Background: In the US alone, almost 700,000 endoscopic retrograde
cholangiopancreatographies (ERCPs) are performed each year, and the utilization of ERCP
over the last 10 years has increased due to the established therapeutic benefit of the
procedure. The most common complication of ERCP is the development of post-ERCP
pancreatitis (PEP). Depending on whether the ERCP is performed in average or high-risk
patients, the incidence of PEP ranges from 3-15%. The average Medicare reimbursement for
PEP is approximately $6,000 and the estimated annual cost burden of PEP is in excess of
$200 million. Anti-inflammatory prophylaxis with rectal indomethacin and pancreatic duct
stenting has been shown to reduce both the incidence of PEP and PEP severity. Yet, PEP
remains a common complication due to the suboptimal efficacy of these current
preventative modalities. The primary reason for the lack of progress in PEP prophylaxis
is the lack of novel approaches to target the underlying mechanisms of PEP.
In the initiation of acute pancreatitis, calcium is released by acinar cells, the main
parenchymal cell of the pancreas. Central to this pathway is the activation of the
heterodimeric calcium-dependent serine, threonine phosphatase calcineurin (Cn). In
addition to experimental evidence, recent clinical reports have demonstrated lower rates
of PEP in transplant patients taking Cn inhibitors. To gain an understanding of this
phenomenon, the investigators performed a search of the electronic medical records at the
University of Pittsburgh Medical Center, from 2005 to 2013, for patients who underwent
ERCP and found that tacrolimus users had close to a 50% reduction in PEP rates compared
to non-tacrolimus users (13.2% to 6.9%). A recent retrospective study showed similar
results. While these observations are subject to several confounders, including
co-morbidity and polypharmacy, the overall data provides both an experimental and
clinical premise for investigating the efficacy of Cn inhibitors in PEP.
In this trial, the investigators test the overarching hypothesis that tacrolimus,
administered as an oral loading bolus just prior to ERCP, will provide additive PEP
prophylaxis to the current standard of care, rectal indomethacin.
Hypothesis: H1: A combination of oral tacrolimus and rectal indomethacin is superior to
the use of rectal indomethacin alone, for the prevention of post-ERCP pancreatitis among
high-risk individuals.
H2: Oral tacrolimus is superior to placebo for the prevention of post-ERCP pancreatitis
among non-high-risk individuals.
Sample size justification: Based on the information from the earlier controlled trials,
the Investigators assume that the PEP incidence will be 7% in the Rectal Indomethacin
group and it will be reduced to 3% by the additional use of oral tacrolimus in
combination with rectal indomethacin A two-sided α=0.05, and a power of 0.8, will require
926 patients for the comparison between the combination of oral tacrolimus and rectal
indomethacin versus rectal indomethacin alone among high-risk individuals. Since 20% of
patients undergoing ERCP are expected to be at high risk based on the investigators'
prior experience, the investigators estimate that the total number of patients needed to
undergo ERCP is 4630. Adjusting for a 5% drop-out rate, the sample size needed will be
4874.
Recruitment and Consenting: Patients scheduled to undergo ERCP will be screened for
patient-based inclusion/exclusion criteria and will be consented to before the start of
ERCP.
Randomization: The randomization schedule is centrally generated at Johns Hopkins
University. Patients will be stratified by the participating center. Within each stratum
randomly varying block sizes of 30-50 will be used. Patients and treating physicians will
be blinded for the treatment allocation. This will be ensured by directly delivering the
list of randomly generated numbers to the investigational drug pharmacies.

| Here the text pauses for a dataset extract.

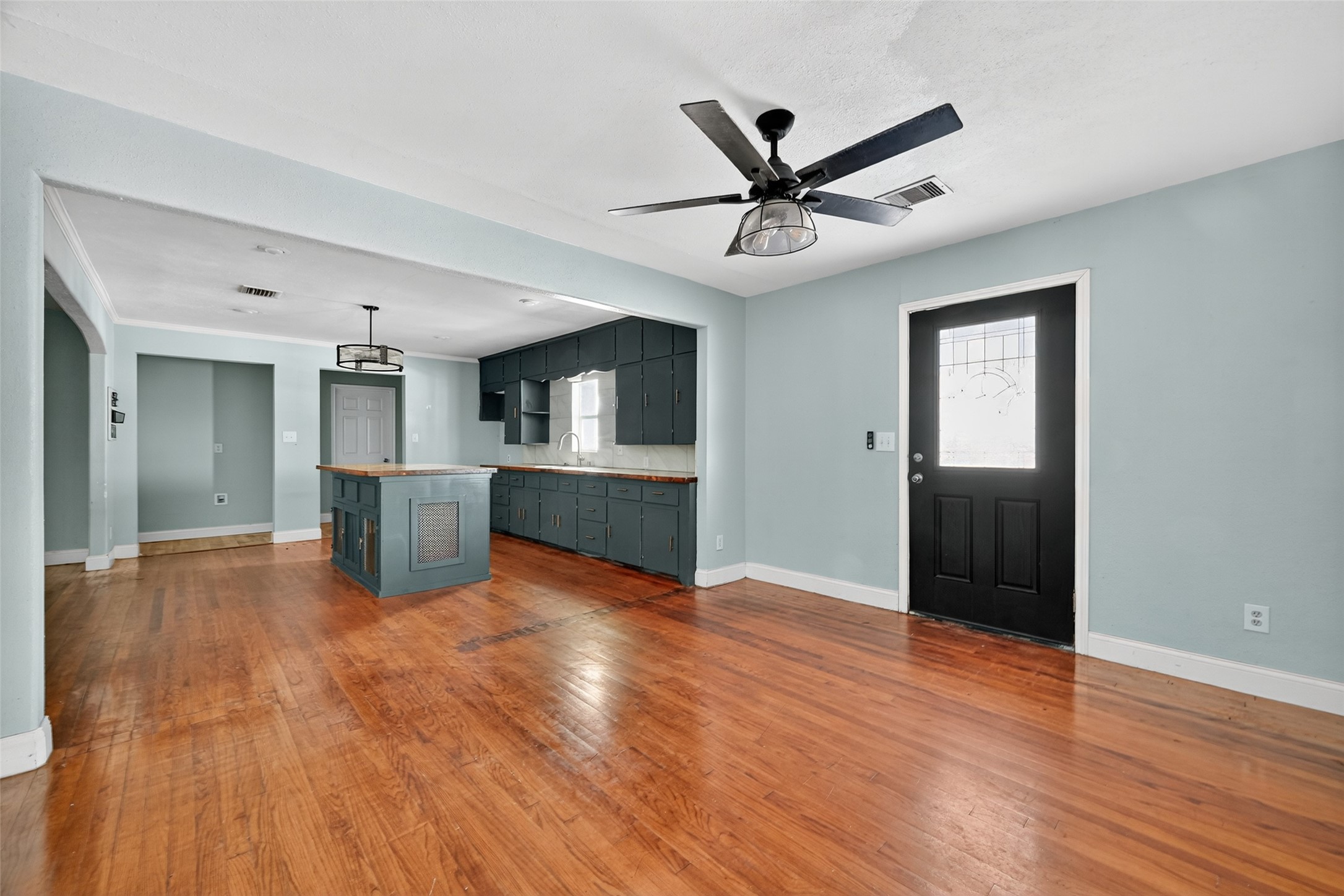 6434 Boothline Road Property Photo 4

Statistical Plan: The baseline characteristics of age, sex, comorbidity, American Society
of Anesthesiologists (ASA) score, ERCP indication, PEP risk factors, and the use of other
prophylactics (e.g. Intravenous Fluids) will be reported. Data will be presented in
percentages for categorical variables. Continuous variables will be presented as mean
with standard deviation (normal distribution) or median with interquartile range (skewed
distribution).
The modified intention-to-treat (ITT) principle will be applied to the primary analysis.
That is, all randomized patients will be analyzed according to the patients' original
treatment allocation, regardless of study protocol violations. The only patients excluded
from the analysis will be those in whom the duodenum was not reached and the papilla was
not manipulated (e.g., in case of upper gastrointestinal stenosis, aspiration risk,
restless patient) or follow-up could not be performed for 5 days. Because these patients
will not ultimately undergo an ERCP, there is no risk of PEP. A two-tailed P value of
less than 0.05 is considered to be statistically significant.